■ **Your goal**: Your answer must match, word for word, the lines from the one holding "Reserved - Spodnie" through the final line below, with pictures excluded.

■ **Raw data**:
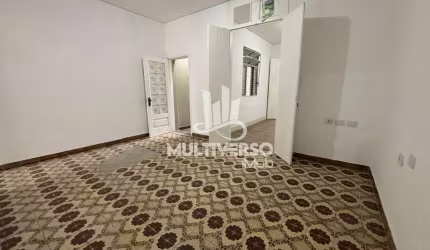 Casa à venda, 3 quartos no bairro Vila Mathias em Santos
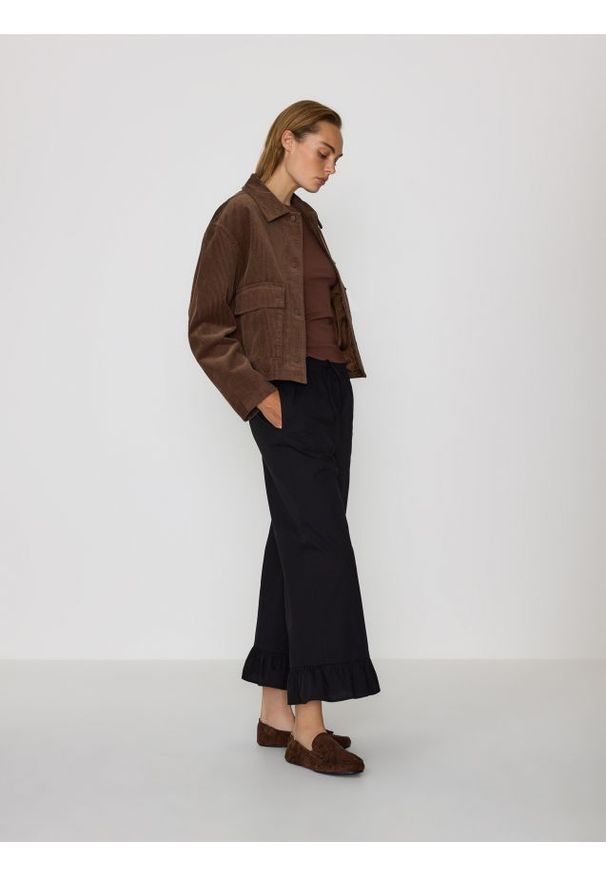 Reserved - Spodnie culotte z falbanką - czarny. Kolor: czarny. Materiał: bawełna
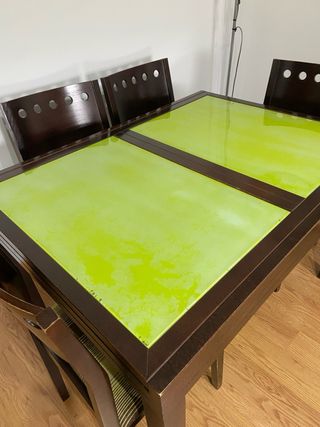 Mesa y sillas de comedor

■ **Solution to the exercise**:
 Reserved - Spodnie culotte z falbanką - czarny. Kolor: czarny. Materiał: bawełna
 Mesa y sillas de comedor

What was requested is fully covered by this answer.